Questo processo di astrazione del valore d’uso ha investito tutta la realtà, materiale e sociale. La diffusione di You Tube è uno dei sintomi di questa contingenza, per cui ciascuno può pubblicizzare se stesso anche in assenza di un reale motivo di esibizione. La possibilità che esso garantisce a ciascuno di essere visibile a tutti provoca l’annullamento del confine tra vita individuale e vita sociale, costringendo ciascuno ad assumere l’atteggiamento guardingo di che sa di essere sempre passibile di controllo e critica: “Le persone devono così imparare a vivere in una società dove ciascuno ha l’obbligo di essere sempre in rete, costantemente collegato al flusso della comunicazione ipermediale e dunque ha la necessità di imparare a essere il più possibile protagonista delle situazioni” (p. 39).
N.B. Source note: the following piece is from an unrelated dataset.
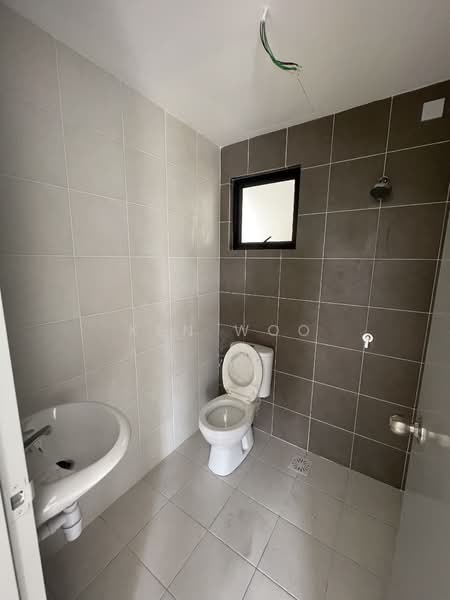 Kondominium untuk Dijual di Dezire Hill Residence - Ken Woo - Bathroom - PropertyGuru.com.my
Anche la politica è vittima di questa dinamica: “…c’è il rischio di vivere in una società dove gli ideali comuni e i progetti politici sono stati largamente rimpiazzati dai significati condivisi che ruotano attorno ai nomi delle marche e alle immagini della pubblicità” (p. 69, cit. Lewis – Bridger, 2000).
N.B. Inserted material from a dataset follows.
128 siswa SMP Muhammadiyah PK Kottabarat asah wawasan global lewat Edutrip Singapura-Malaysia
Nei prodotti culturali di massa è evidente questo meccanismo. Sia i film sia i libri animano le proprie situazioni ed i propri personaggi di oggetti che hanno una precisa connotazione, un marchio di fabbrica. Così il protagonista di Tre metri sopra il cielo (cfr. p. 73) indossa e usa tutta una serie di oggetti e sfoggia atteggiamenti che fanno di lui un icona per le nuove generazioni, ed anche i protagonisti di film di successo ‘alternativi’, come i Blues Brothers, adottano atteggiamenti che senza le marche ed i consumi come modello di vita non avrebbero senso : “Dunque, anche nel caso del film Ragazze a Beverly Hills l’intenzione ironica, se davvero c’era, viene fortemente indebolita dalla presenza di una dilagante melassa consumistica, con la conseguenza che questo e altri film simili per adulti grondano di allusioni spiritose e possono sembrare esagerati solo per divertire, ma per i ragazzi sono stranamente reali” (p. 94).

Il fatto di ridurre tutto a valore di scambio produce una superficializzazione della vita sociale e quindi dell’individuo che tale vita dovrebbe animare. Questo uomo nuovo che riduce, è spinto a ridurre, la sua vita a sola superficie, è biocapitalizzato. Alla fine del volume Codeluppi sostiene che questa superficialità provoca instabilità e che essa – instabilità – è il frutto dell’autonomia acquisita del valore di scambio rispetto al valore d’suo; personalmente però ritengo più logico affermare che questa forma di vita ha tratti di instabilità proprio per la indissolubilità di valore d’uso e valore di scambio. Questo stato di fatto è sempre esistito, ma in altri tempi il valore d’uso determinava l’andamento delle cose, il peso possibile del valore di scambio. La posizione di indipendenza assunta da questo valore ‘sociale’ ha determinato l’aumento di instabilità di cui parla Codeluppi.

 Detto in altri termini, non si ha autonomia concreta del valore di scambio, ma solo un’autonomia fittizia, pubblicitaria, non sostanziale. La soddisfazione del consumo di beni dotati di effettivo valore d’uso lascia l’individuo appagato e stabile, mentre il consumo del solo valore di scambio ingenera un meccanismo di replica sempre più assurdo che alla fine non conduce a nulla.

O meglio, conduce ad altra insoddisfazione, creando così la situazione ideale tramite cui il sistema di potere vigente si mantiene. Ma il fatto che il sistema abbia adottato la commerciabilità generale come metodo di controllo, potrebbe non essere altro che il segnale di una natura intima e sostanziale dell’essere umano. Se non vi è scelta possibile al di fuori del commercio – di conoscenza, di beni, di affetti – tra gli esseri umani, ben vanga la capitalizzazione della vita, a patto che di essa si faccia un buon uso, e non un cattivo scambio.